With the increasing competition in the market and the development of science technology and economy, the tread of enterprise modernization is irreversible. As the pillar industries of the national economy, Manufacturing needs not only the improvement of production and processing technology, but also advanced management technique and the best production and operation management plan, to improve enterprise's overall productivity and the core competitiveness. Reasonable and efficient scheduling strategy is the key point of improving an enterprise's management skills to make full use of current resource and greatly increase the enterprise's productivity.

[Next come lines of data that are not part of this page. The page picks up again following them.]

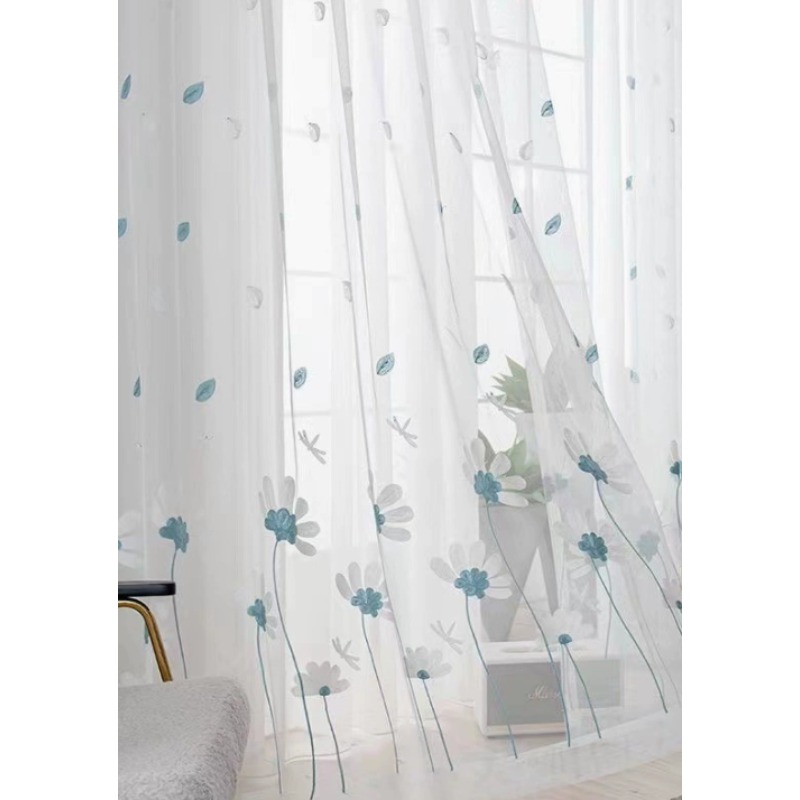 Simple Modern Pastoral Style E - Embroidery Daisy Flower 评论和价格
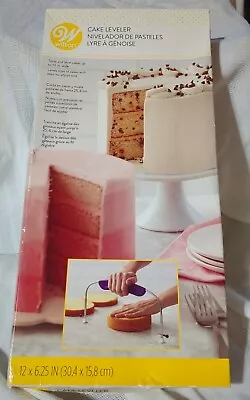 Wilton 10  Small Cake Leveler Cutter Baking Cooking Presentation Slicer Cut Tool • £14.45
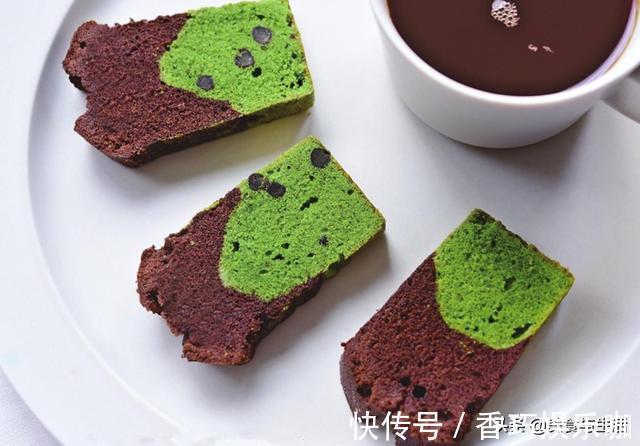 糖粉|这样做的蛋糕,一口可以品尝到两种口味,材料做法简单,味道独特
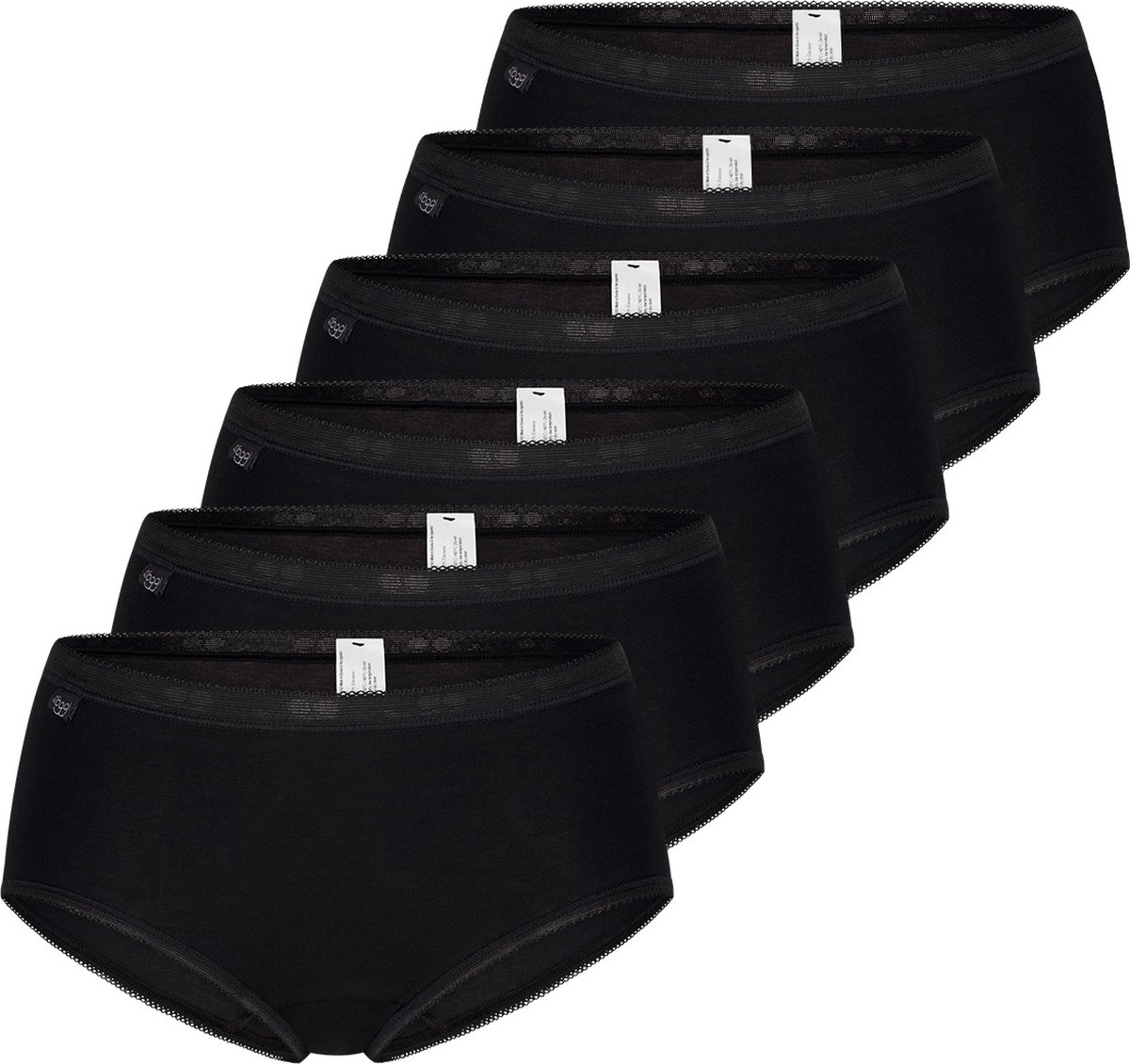 sloggi Dames midi slip 6 pack Basic+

     Generally, production scheduling problem has various features with different domains and applications. Job Shop Scheduling Problem (JSSP) is one of the most characteristic scheduling problems and the most difficult combination optimization problems. The NP-hard feature of the problem determines that there exists no polynomial algorithm can obtain the optimal solution in limited time. Since the1980s, metaheuristic algorithms, which originated from an imitation of biological, physical processes and human behavior, attracted the attention of many international and domestic scholars. The metaheuristic algorithms have the characteristic of fast convergence rate, high efficiency, low dependence to the problem, which offer new ideas and orientation to solve JSSP. But because of the omission of constraints, the theory research on JSSP is hard to be used in practical production. Based on the background above, the article makes extending study of JSSP, combined with multi-object, no-wait and flexibility. The main research achievements and innovation point are as follows:
     (1) For the multi-objective job shop scheduling problem (MJSSP), a quad-space cultural genetic tabu algorithm (QSCGTA) is proposed to minimize the average flow time and makespan. In the proposed QSCGTA, a novel bi-directional shifting for the decoding process is incorporated with the operation-based representation to fulfill the calculation of objectives; moreover, a novel cultural structure in containing double brief spaces and population spaces is presented, and these spaces deal with different levels of populations globally and locally by applying genetic and tabu search separately and exchanges information regularly to make the process more effectively towards promising areas, along with modified multi-objective domination and transform functions; in addition, an orthogonal experiment design is employed to provide a receipt for turning the adjustable parameters of the QSCGTA. The computational results presented significantly prove the effectiveness and efficiency of the cultural-based genetic tabu algorithm for multi-objective job shop scheduling problem.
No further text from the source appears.